For certain, taxes are going to be cut as part of this year's state budget. Unclear, however, is precisely which taxes -- Senate Republicans and Assembly Democrats have different priorities -- and by how much.
But Romer said the Legislature should include deeper cuts in estate taxes before it adopts a budget, possibly in the coming weeks. While estate taxes were lowered last year in New York, they still are higher than other states to which wealthier business owners are increasingly relocating.
But the trip wasn't all about taxes -- like most journeys for business groups.
Romer said the group also discussed changing the way the state defines when a person is considered -- for tax reasons -- an independent contractor or an employee of a firm. He said the state's narrow definition of such situations, as compared to the federal government's interpretation, can end up costing small and emerging companies hundreds and thousands of dollars in taxes.

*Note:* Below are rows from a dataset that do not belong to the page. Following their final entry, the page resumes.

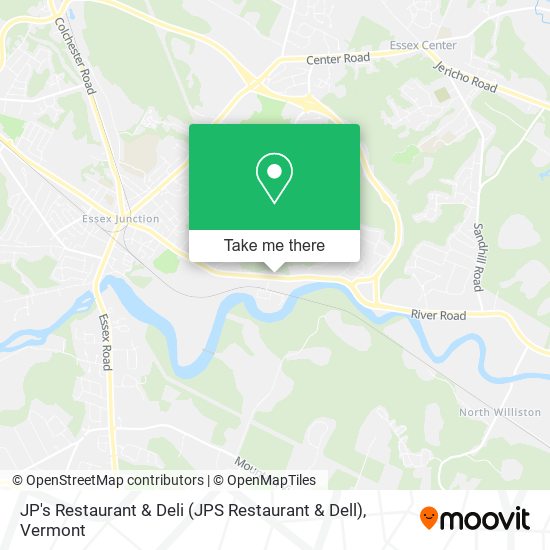 Mapa de JP's Restaurant & Deli (JPS Restaurant & Dell)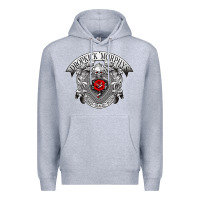 Heather Grey dropkick murphy Premium Hoodie - linhVisuals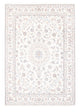 Nain - 9La Teppe 149x202cm - Persisk teppe - krem
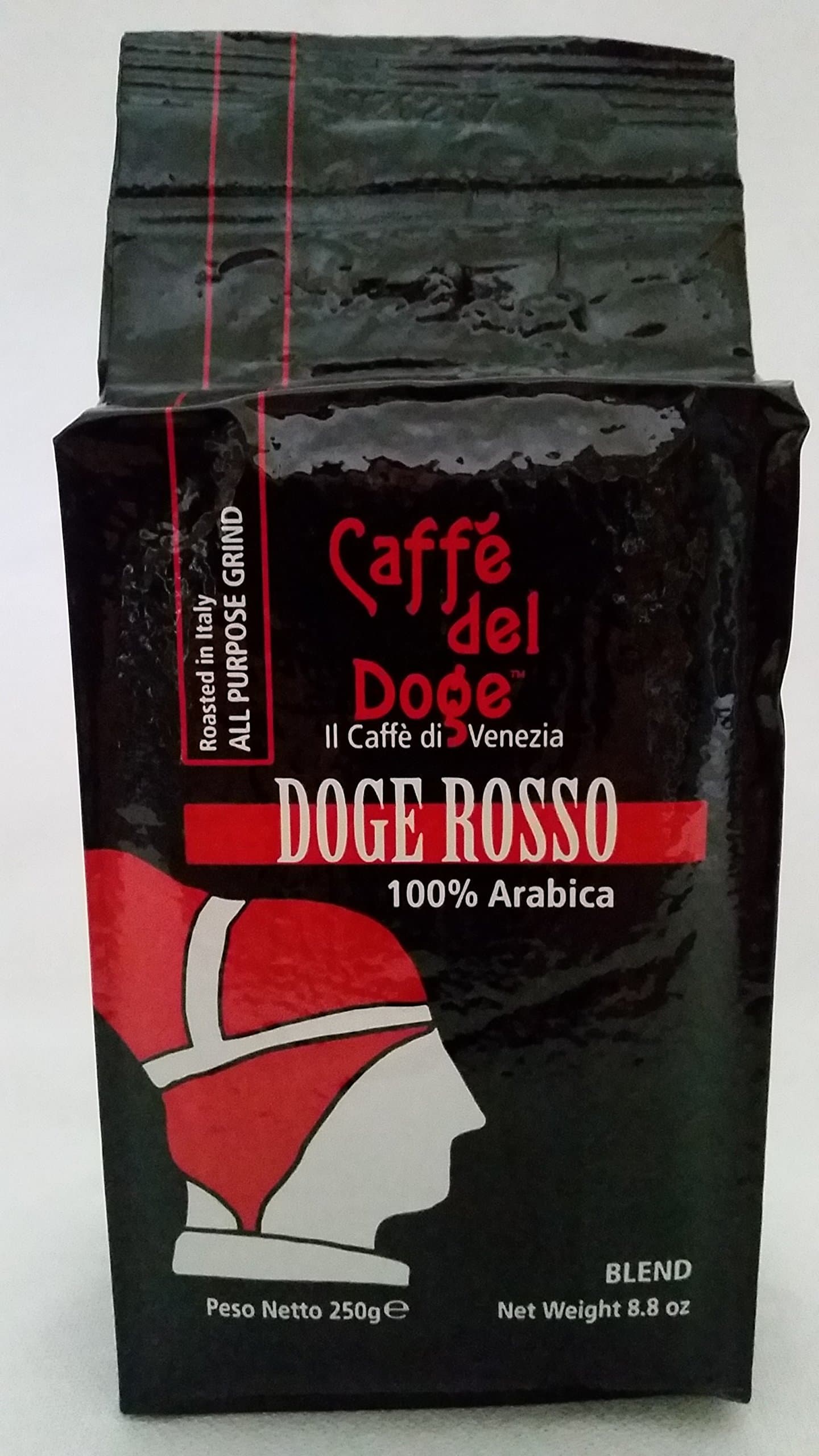 Coffee: Caffè Del Doge Rosso (Ground) 2 Packages
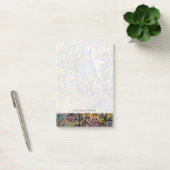 Graffiti-achtergrond Post-it® Notes (Kantoor)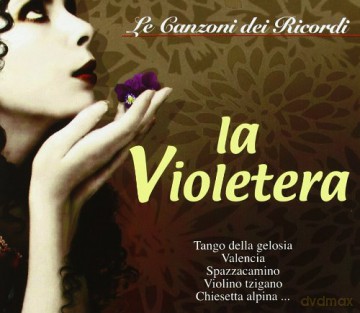 La Violetera [CD]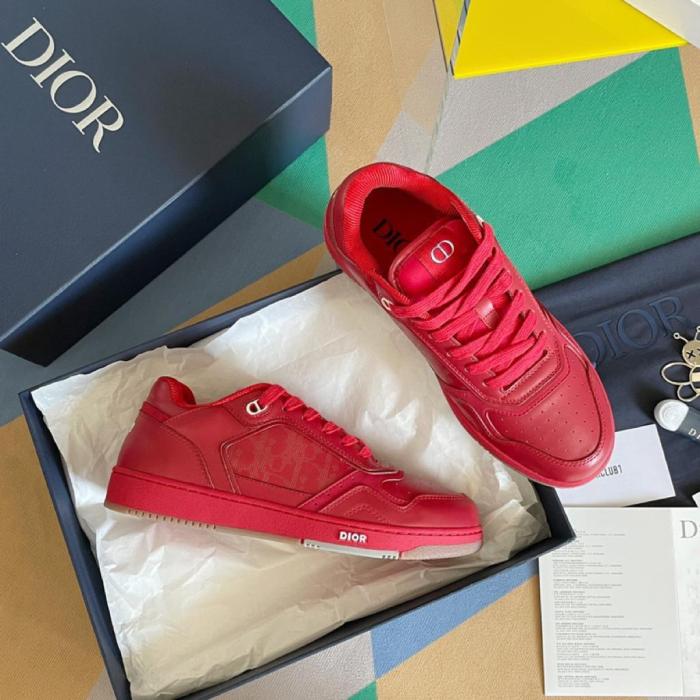 Dior B27 Low World Tour Red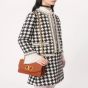 VALENTINO GARAVANI VAIN SHOULDER BAG IN SHINY CALFSKIN
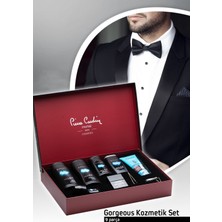 Pierre Cardin Gorgeous Erkek Kozmetik Seti 9'lu Renkli Makyaj Setleri ile Profesyonel Kullanım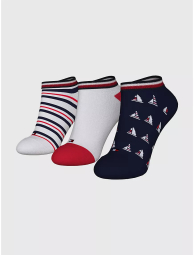 Набор коротких носков от Tommy HIlfiger 1159790641 (Разные цвета, One Size)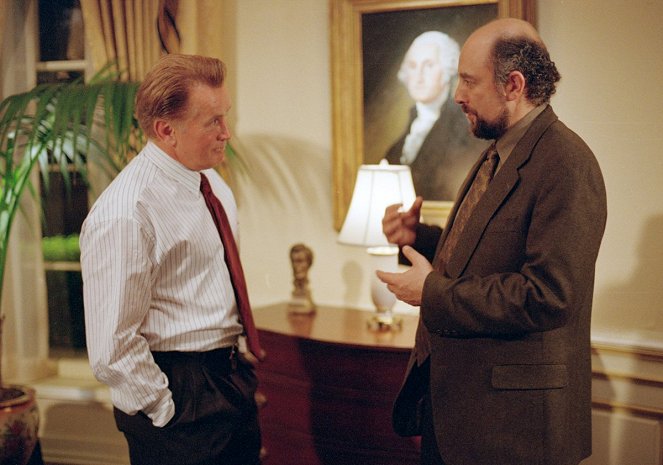 Os Homens do Presidente - Do filme - Martin Sheen, Richard Schiff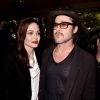 Angelina Jolie também exaltou sua relação com o ex-marido, Brad Pitt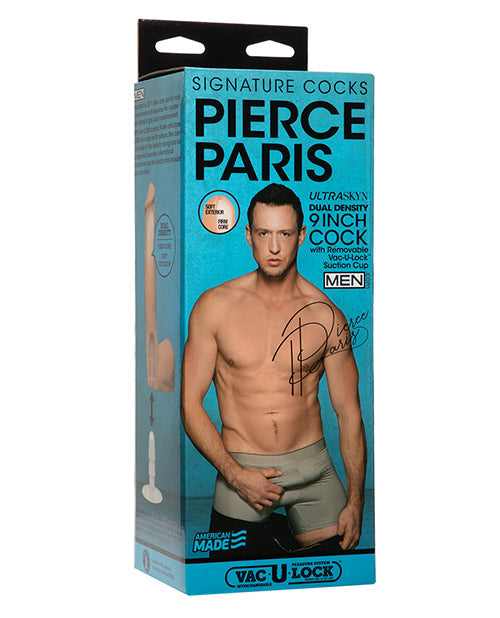 Pierce Paris Signature Cocks 9" Realistic Dildo
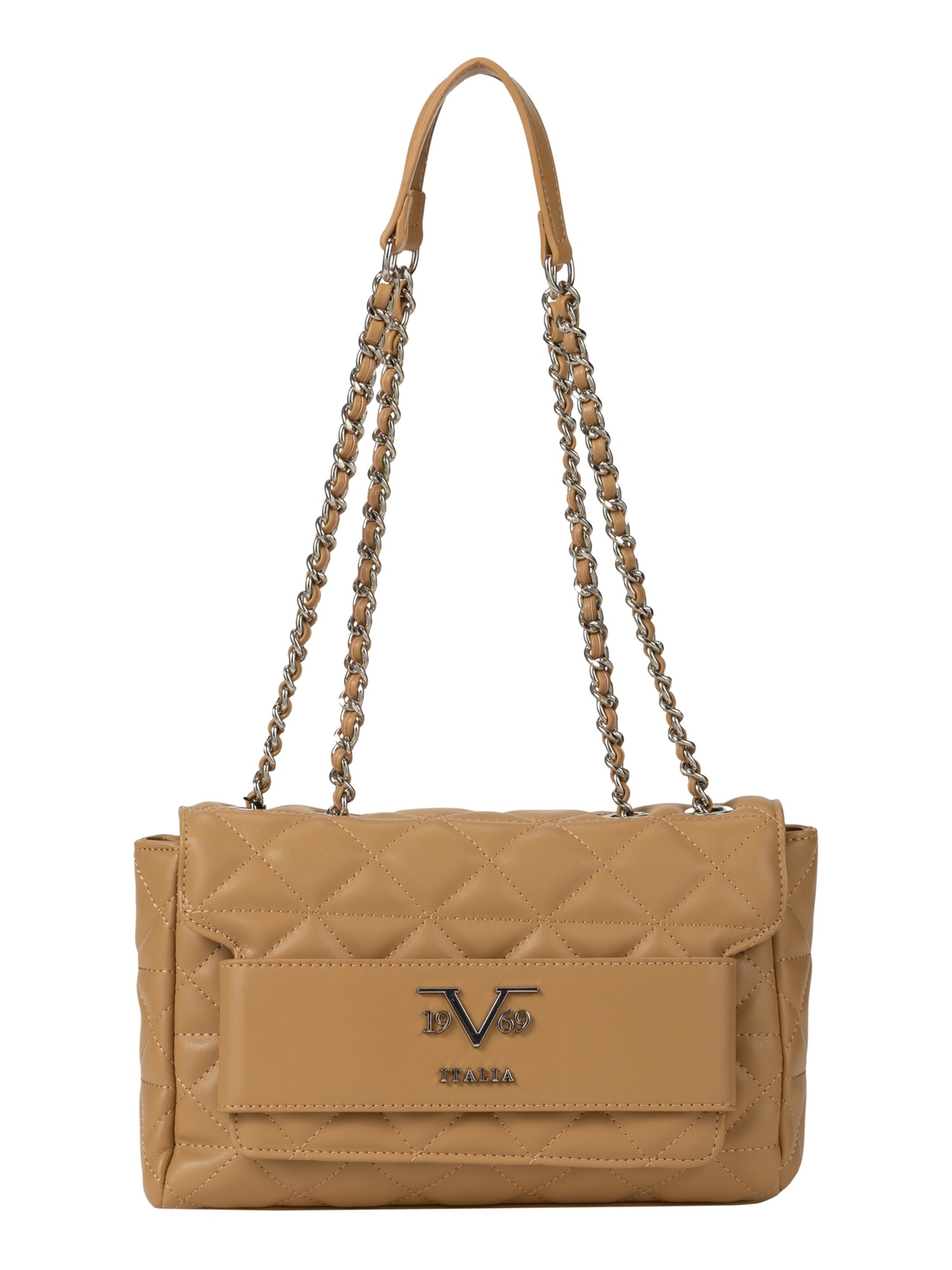Sac à bandoulière 'Gaia' 19V69 ITALIA en marron : devant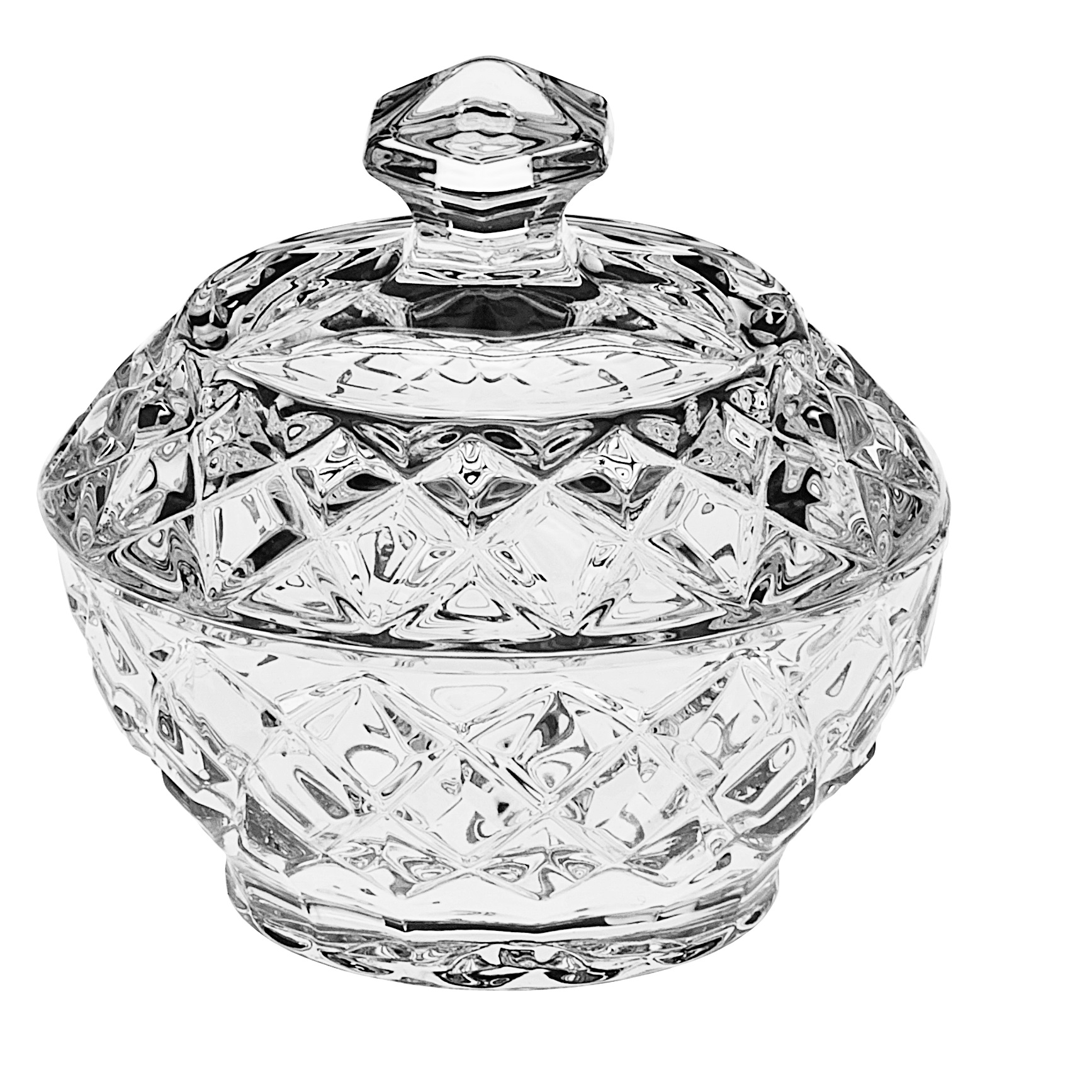 

Икорница 9,6 см Crystal Bohemia Diamond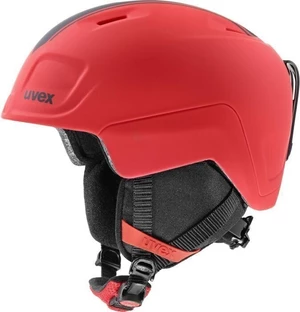 UVEX Heyya Pro Race Red Mat 51-55 cm Casque de ski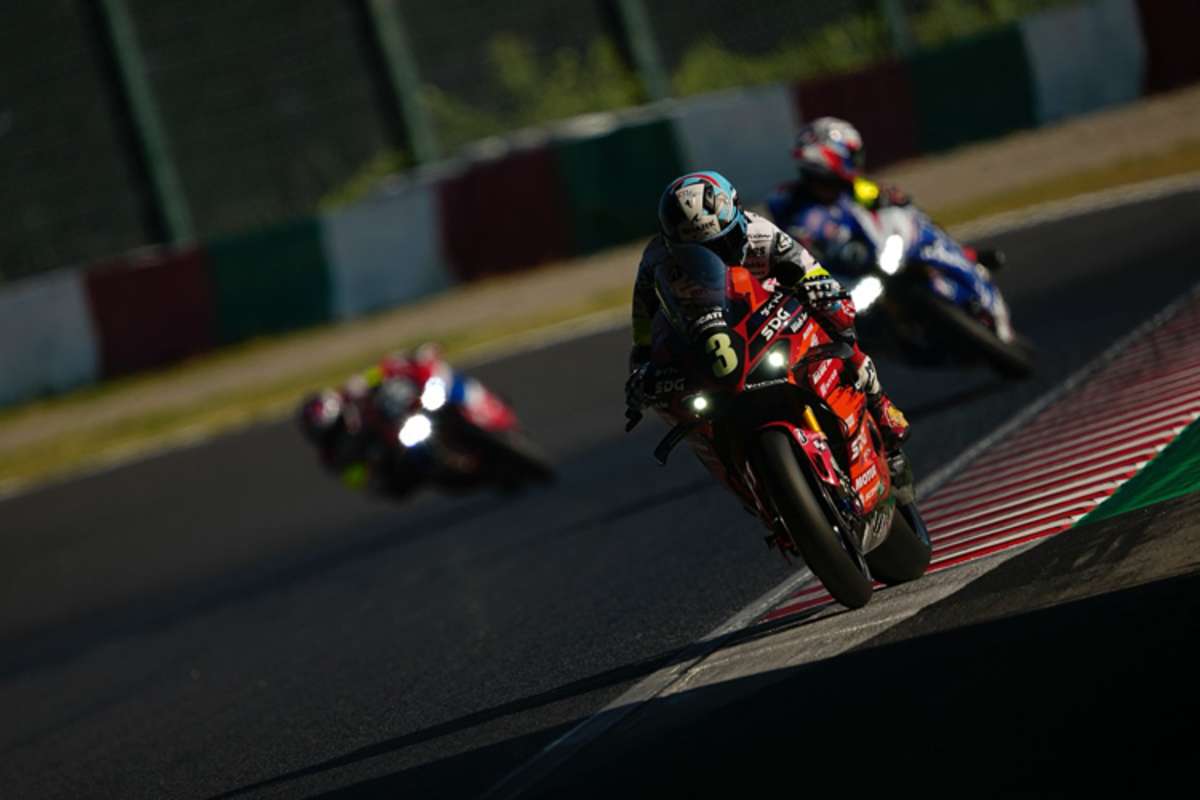 Marcel Schrötter in Suzuka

Such "nuisance taxes" don't help a firm just starting its business, he said. The group also pressed lawmakers on regionalism, the concept increasingly used in other states in which localities share their services on everything from police to garbage pick-up.
The business group's trip to Albany was particularly well-timed, whether planned or not. The Legislature has broken up into nine separate conference committees to help resolve differences between the Senate and Assembly fiscal plans. Had the group come to Albany a few weeks later, as some interest groups have already planned, their pitch may well have been moot.
"We certainly believe it's an important annual trek to Albany to deal directly with our legislators one-on-one," said Elizabeth Pujolas, government relations director for the partnership.